Mme [C], dont les demandes en paiement et remise de documents sont fondées sur l’existence d’un contrat de travail non établie pour les raisons susmentionnées, en sera déboutée.
III- Sur les dépens et les frais irrépétibles
Le jugement déféré mérite confirmation dans ses dispositions qui condamnent Mme [C] aux dépens et déboutent les parties de leurs demandes au titre des frais irrépétibles.
Mme [C], qui succombe devant la Cour, sera condamnée aux dépens d’appel en même temps qu’elle sera déboutée de la demande qu’elle a formée au titre de l’article 700 du code de procédure civile.
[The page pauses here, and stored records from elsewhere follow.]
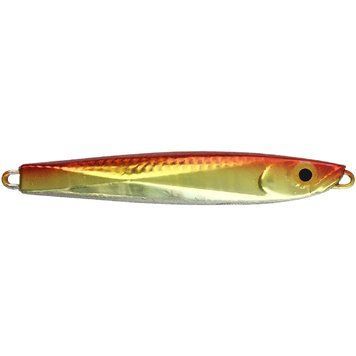 Пилькер Condor Fishing Shotgun 20г 60мм Цвет: T051, фото 1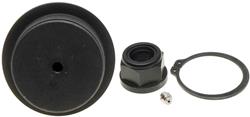 ACDelco Gold Ball Joints 19461510
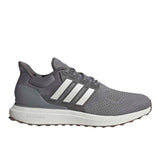Ultradream DNA Shoes
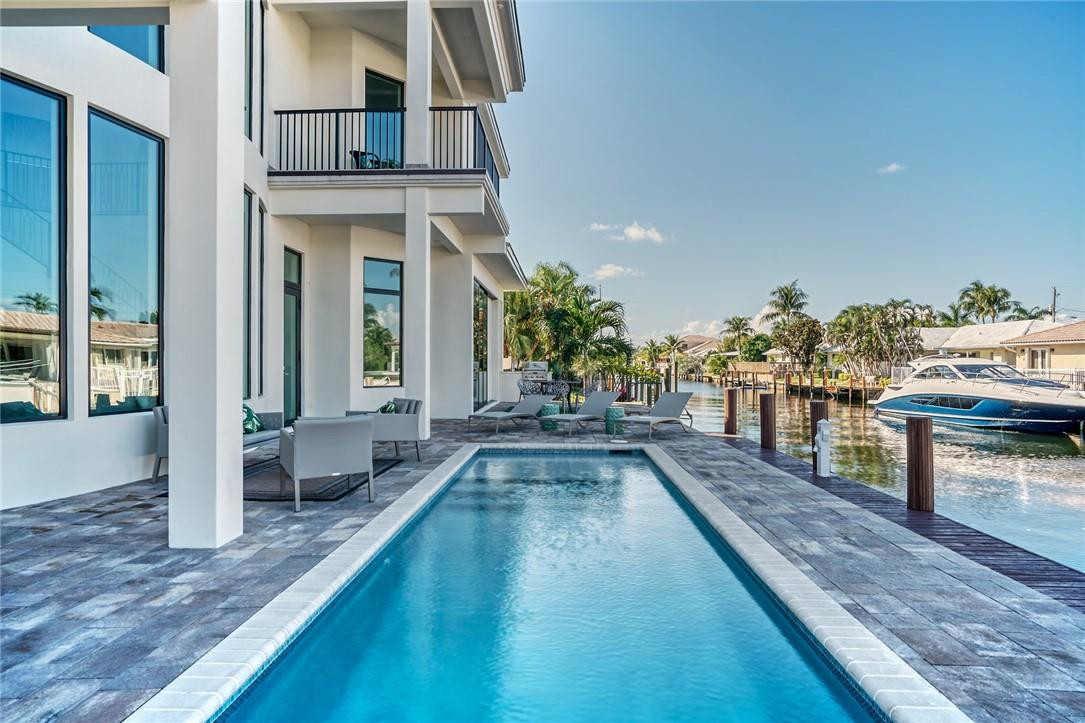 807 Forsyth Street Boca Raton, FL 33487 - Photo 33 of 50 Photo 33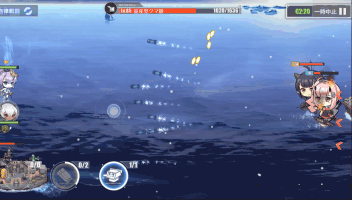ラッキーA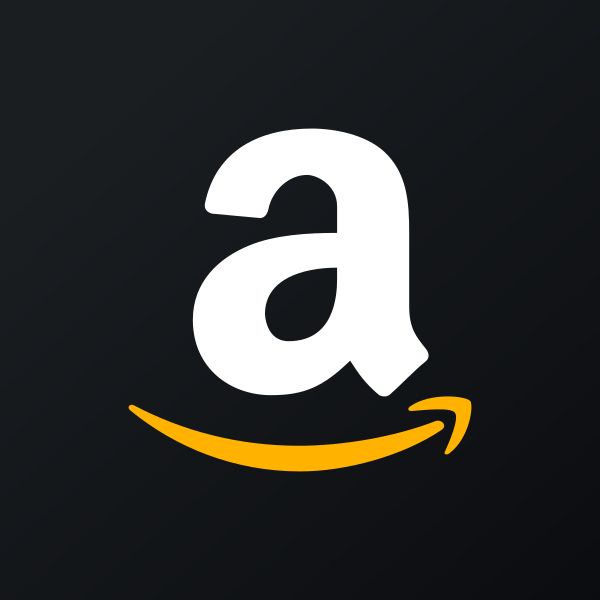 Amazon - $$title$$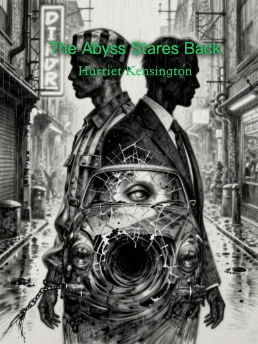 The Abyss Stares Back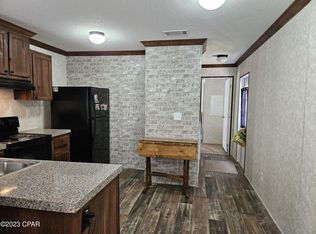 3377 Lucas Lake Rd, Chipley, FL 32428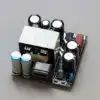 شارژر دیواری 45 وات سه پین تک پورت مدل EP-T4511 - تصویر دهم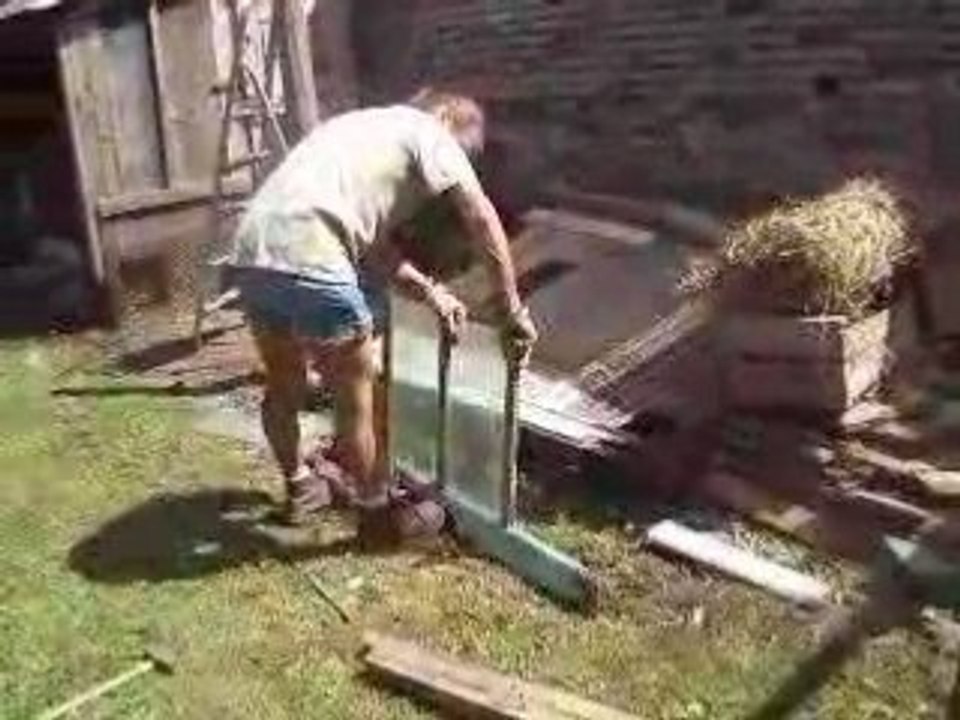 Super Papa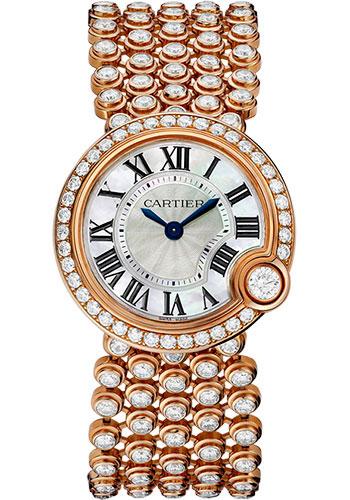 cartier-ballon-blanc-de-cartier-watch-30-2-mm-pink-gold-case-diamond-bezel-mother-of-pearl-diamond-dial-mother-of-pearl-bracelet-hpi00759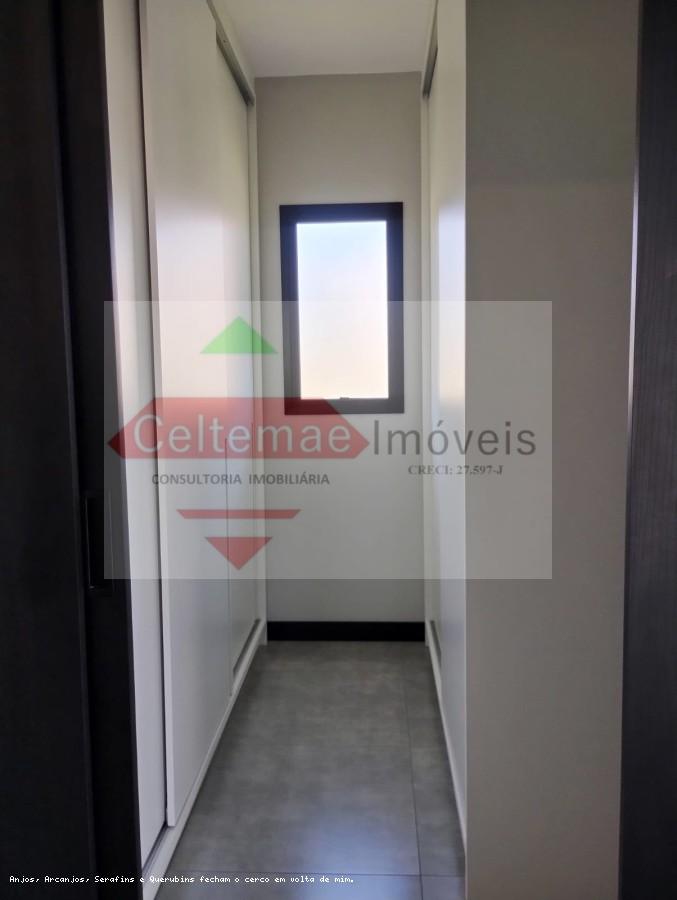 Casa de Condomínio, 2 quartos - Foto 23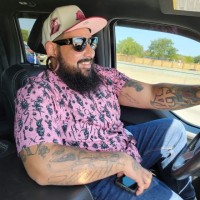 Chris Galis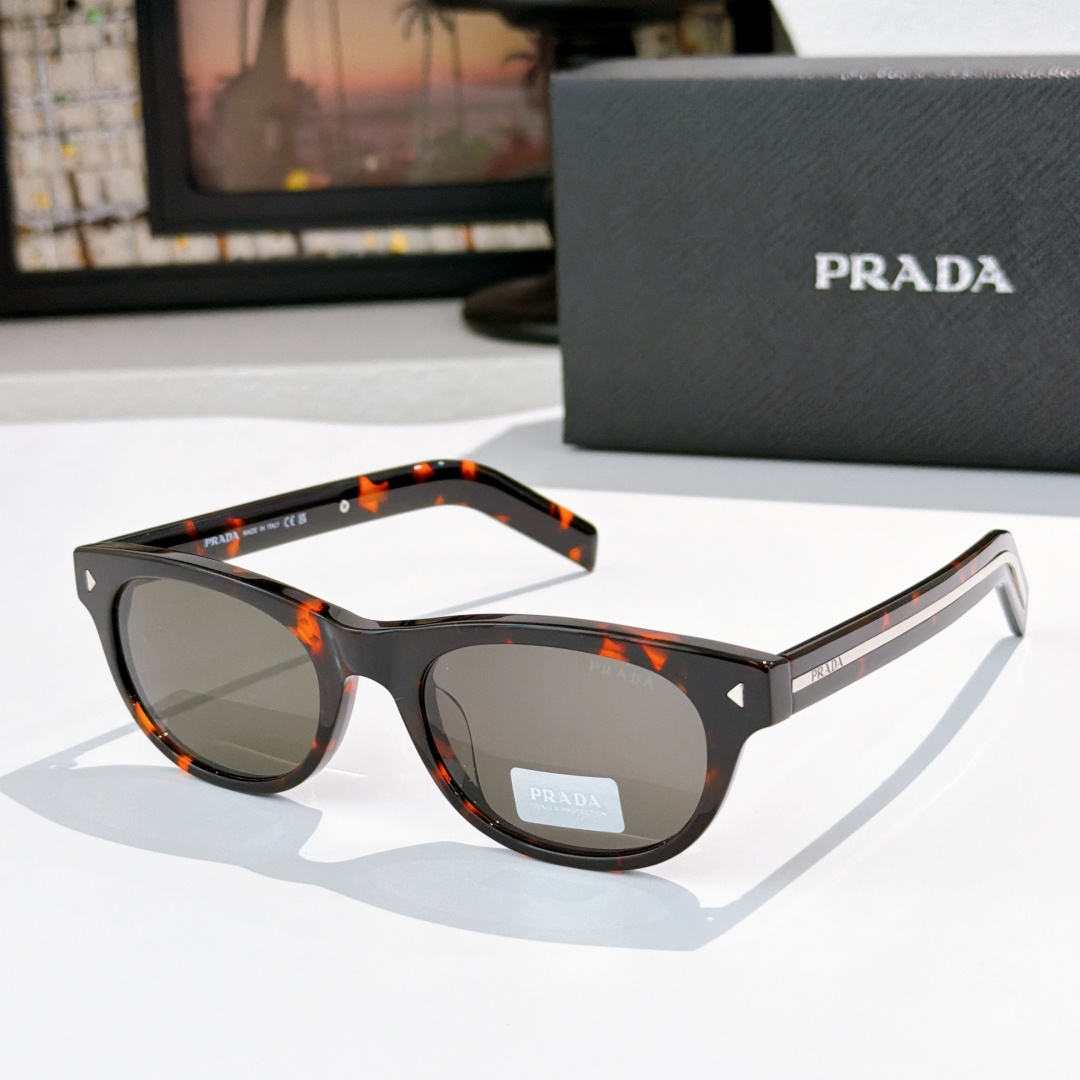 PRAD*MODEL:PR D09S SIZE:51口21-145🔝🔝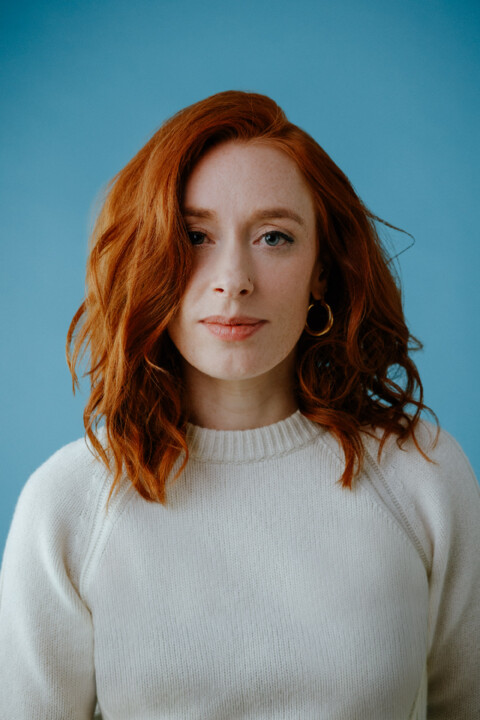 hannah fry.jpg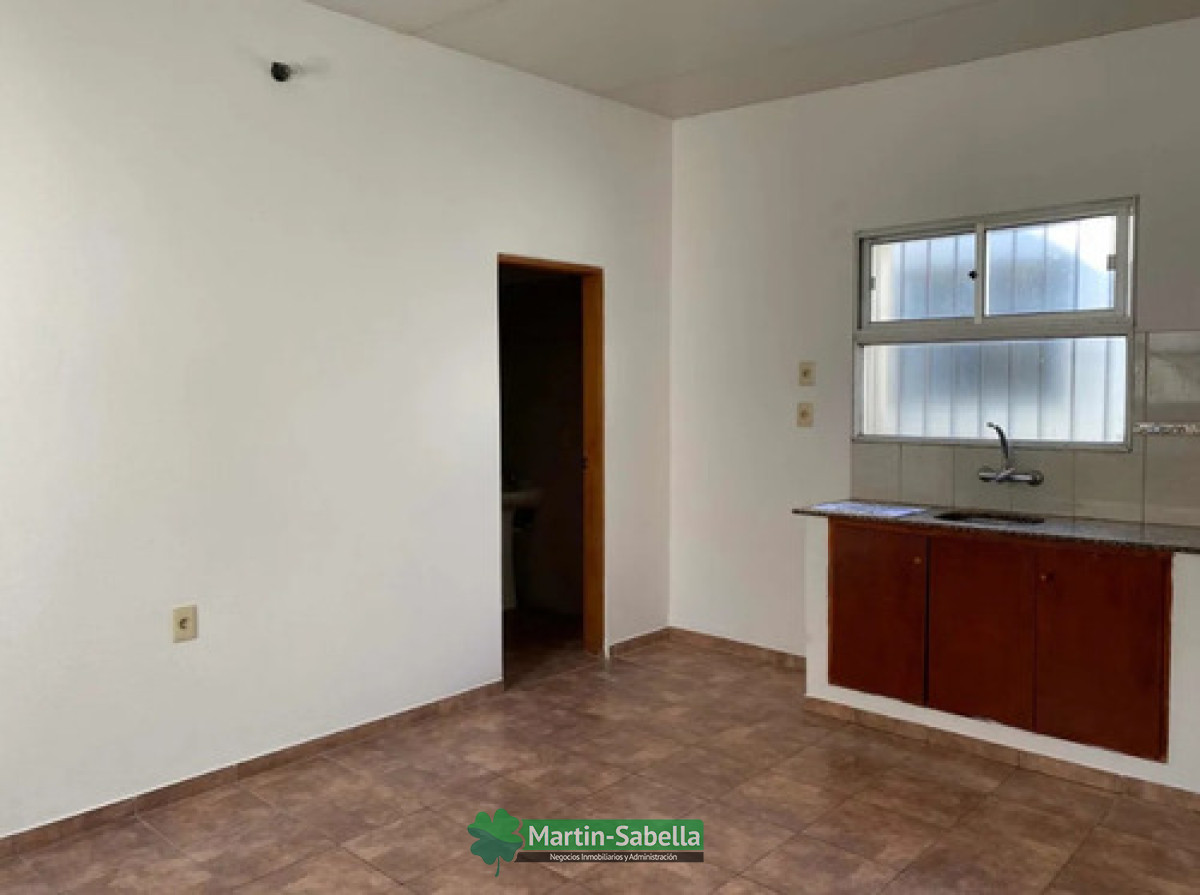 Apartamento ID.329/Apartamento-en-alquiler--Aguada- - Apartamento en alquiler - Aguada 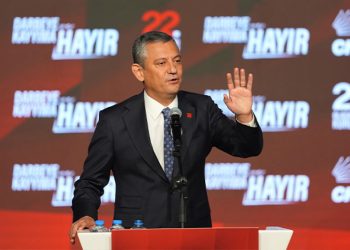 Özel: Taşı kırmakta ustalaştık!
Il n’est pas contraire à l’équité de laisser aux intimés la charge de leurs frais non compris, dans les dépens. Ils seront en conséquence déboutés des demandes qu’ils ont formées à ce titre.
PAR CES MOTIFS
La Cour,
INFIRME la décision déférée dans ses dispositions qui jugent irrecevables l’action en requalification de la relation de travail en un contrat de travail introduite par Mme [C] et les demandes subséquentes formulées par l’intéressée
CONFIRME la décision déférée pour le surplus de ses dispositions
Statuant à nouveau du chef infirmé et y ajoutant
DECLARE Mme [C] recevable en son action en requalification de la relation de travail en un contrat de travail et en ses demandes subséquentes
DEBOUTE Mme [C] de sa demande en requalification de la relation de travail en un contrat de travail et de ses demandes subséquentes
CONDAMNE Mme [C] aux dépens d’appel
DEBOUTE les parties de leurs demandes au titre de l’article 700 du code de procédure civile
Signé par Marie-Paule Menu, présidente et par Evelyne Gombaud, greffière, à laquelle la minute de la décision a été remise par le magistrat signataire.